Venture capital harms your wealth
The promise was certainly seductive: Lock up your money with me for five years and I’ll give you double-digit annual returns.
For years, that was an accurate equation for venture capital. From 1981 to 1998, there were ups and downs, but the 10-year return generally hovered around 20 per cent, well above most other asset classes. That return came at a price of course. It was illiquid and there was no secondary market. And there was a further catch. Most potential investors were excluded: Venture funds were relatively modest in size, there weren’t very many of them and they were picky about whose money they’d take for their limited partners.
The dotcom boom changed all of that. Venture capitalists became business magazine stars, new funds sprouted up all over, and established firms with a decent track record were suddenly able to raise nine- and ten-figure funds.
The 20 per cent mark began to look pallid. In 1999 the U.S. venture industry was boasting five-year returns of nearly 50 percent, as a flood of IPO’s provided swift and lucrative exits. The end-to-end return, net of fees, expenses and carried interest, for the year ended March, 2000, was 310 per cent.
Alas, that was then. New York VC Fred Wilson, principal of Union Square Ventures, reckons average returns over the last 10 years are in the range of 6 to 8 percent. Aggregate industry figures are still flattered by the anni mirabili of the dot com era, and the staggering venture bonanza of the Google IPO for a handful of elite firms. But when 1999 drops out of the 10-year calculation average returns will slump to the low single figures or negative.
The returns have shrunk, yet the industry hasn’t contracted all that much. According to data from Thomson Reuters, in 2008 there were 882 existing venture capital firms with $197.3 billion under management. That represents an increase from the go-go year of 1998, when there were 624 firms with $92 billion under management.
Venture investments have been ticking along at a fairly constant rate as well. There were two astoundingly anomalous years — 1999 and 2000 — when US venture investment was $52 billion and $102 billion. After the dotcom crash, that slumped to $39 billion in 2001 and all the way down to $19 billion in 2003. Last year’s $28 billion was down from 2007’s $30 billion, but before 1999 the biggest year in the industry’s history, 1998, had seen just over $20 billion invested.
Returns have slumped and lucrative exits are vanishingly rare. Only six venture-backed companies went public in the US last year. Earlier this year, the National Venture Capital Association launched a never-going-to-happen plan to increase the number of sub-$50 million IPOs.
Given all this, why do investors continue to back venture funds? After all, $28 billion went into VC funds last year. I asked Wilson, who is one of the more publicly skeptical VCs. “If you get into a good fund, you can still get 30 to 40 per cent,” he said. “That’s what keeps the LPs interested.”
Everyone believes they are investing in the children of Lake Wobegon, who are all above average. But institutional investors won’t play the fool for long and the response from potential LPs is bound to get stonier for all but the most accomplished funds.

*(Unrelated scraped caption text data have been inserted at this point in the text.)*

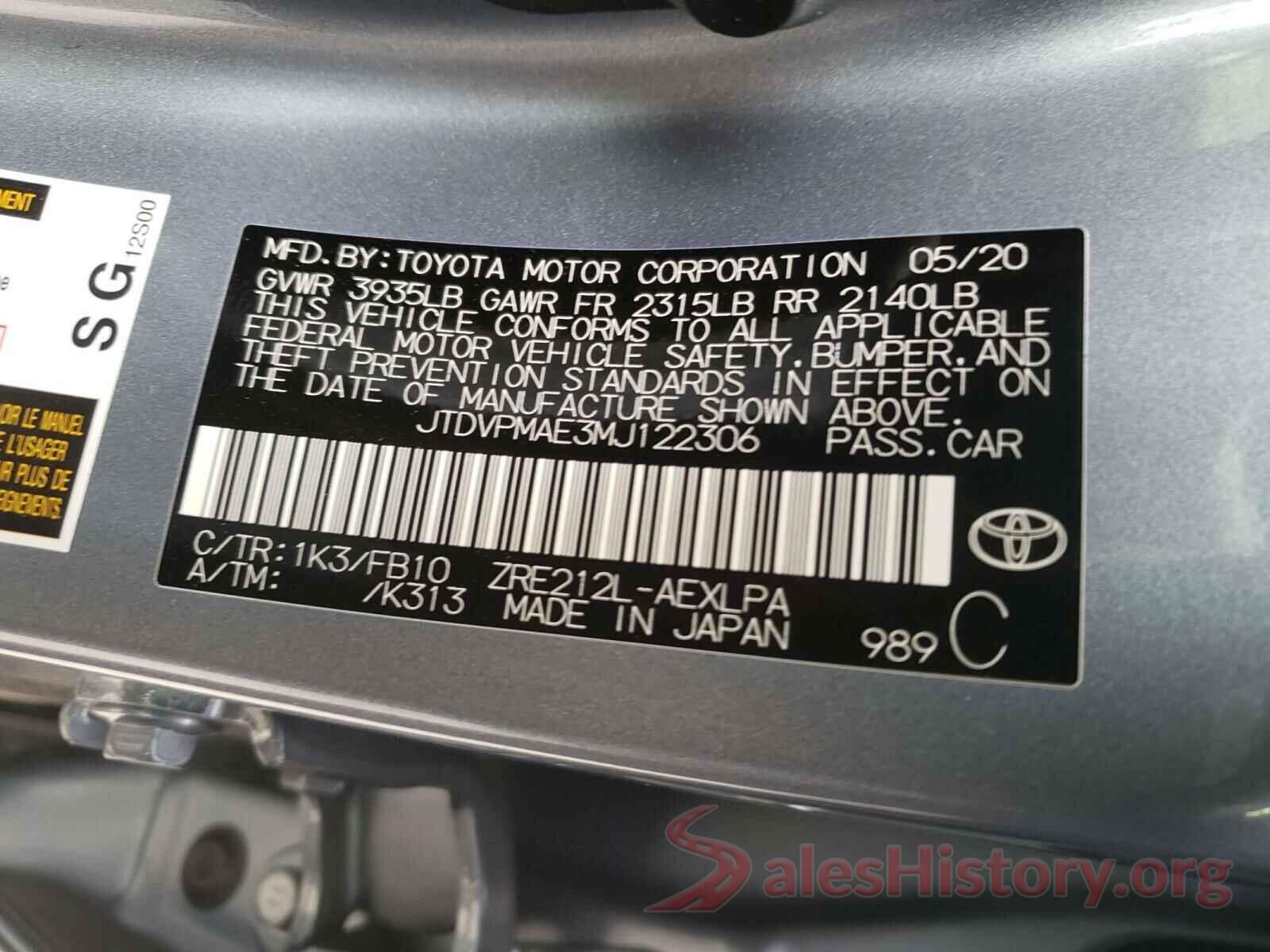 JTDVPMAE3MJ122306 2021 TOYOTA COROLLA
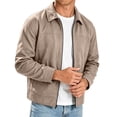 thumbnail image 4 of WIZUTIZ Suede Jacket For Men Zip Up Long Sleeve Fold Collar Work Jacket Casual Fall Winter Coat With Pockets Black Blue White, 4 of 7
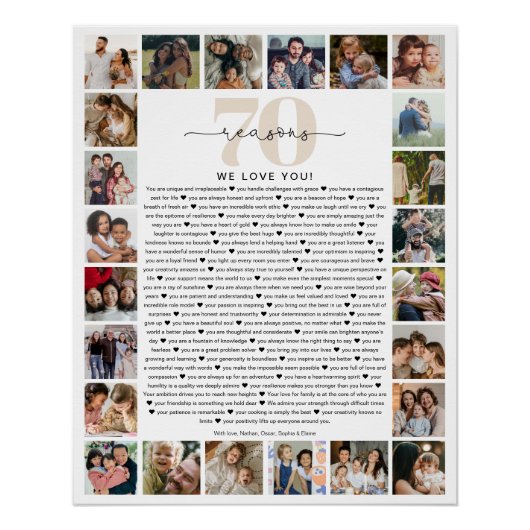 70 Reasons We Love You Photo Collage Keepsake Gift Poster (Vorderseite)
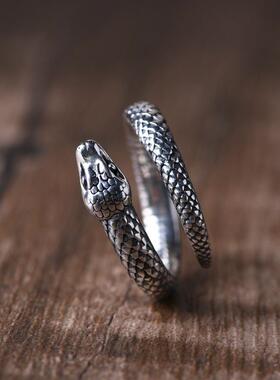 网红- S925银复古时尚银蛇戒指跨境饰品男款泰银灵蛇形创意礼物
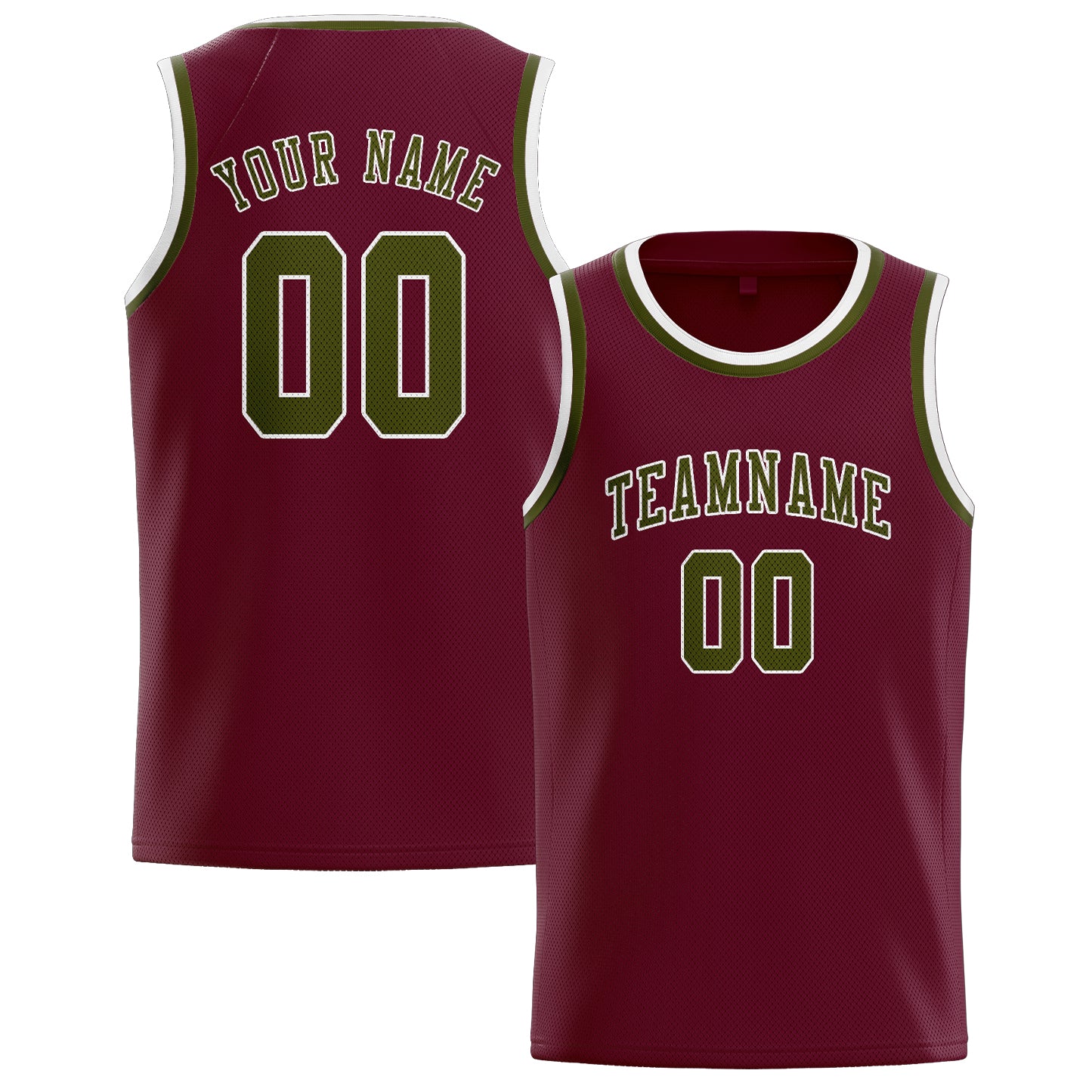 Benutzerdefiniertes Professionelles Karmesinrot Dunkles Oliv Basketballtrikot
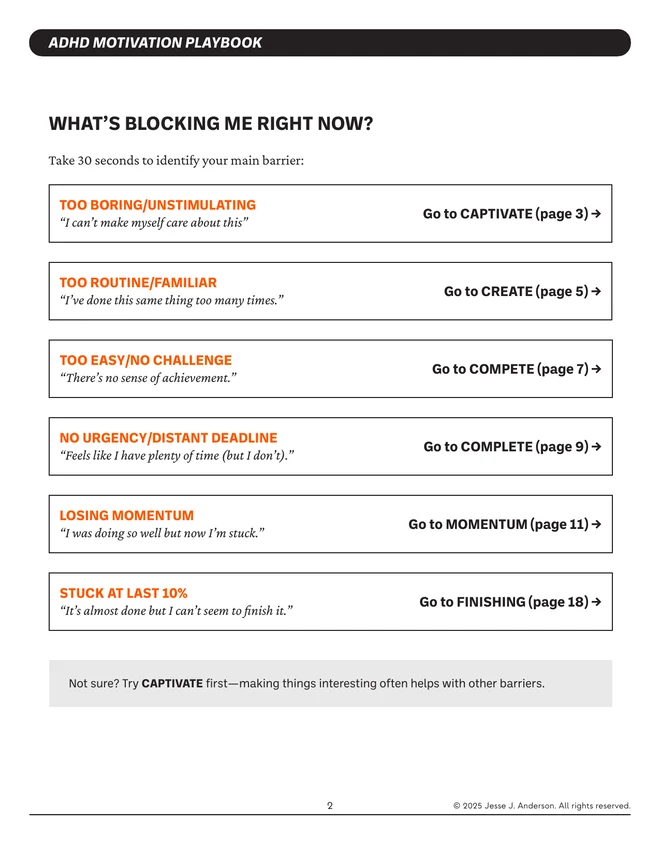 Sample page from the ADHD Motivation Playbook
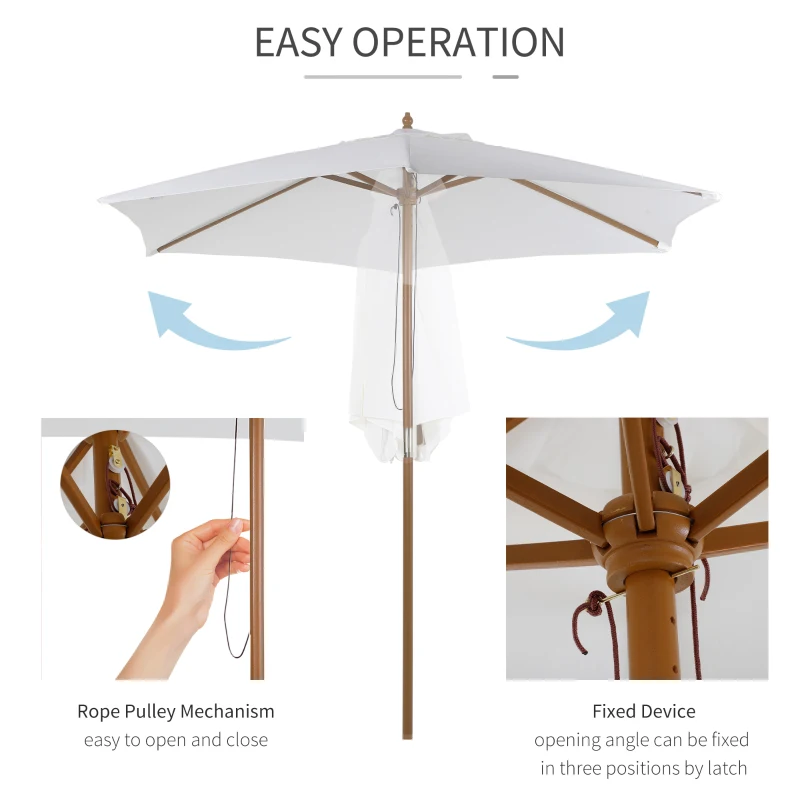 Best 2.5m Patio Umbrella, Wood Garden Parasol, Sun Shade with 6 Ribs and Top Vent for Outdoor, White - Image 5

So what, if anything, will save venture capital?
There will need to be fewer, smaller funds, making smaller bets with their investors’ money. Fewer exits won’t be such a problem, because fewer exits will be needed. It will be something that looks, in fact, a lot like the VC world pre-dotcom. That will be a wholly good thing, for venture capital, for investors and for entrepreneurs.
A smaller industry will have fewer hangers on who invest with the latest trend, and there will be less dumb money buoying poorly formed, unrealistic dreams.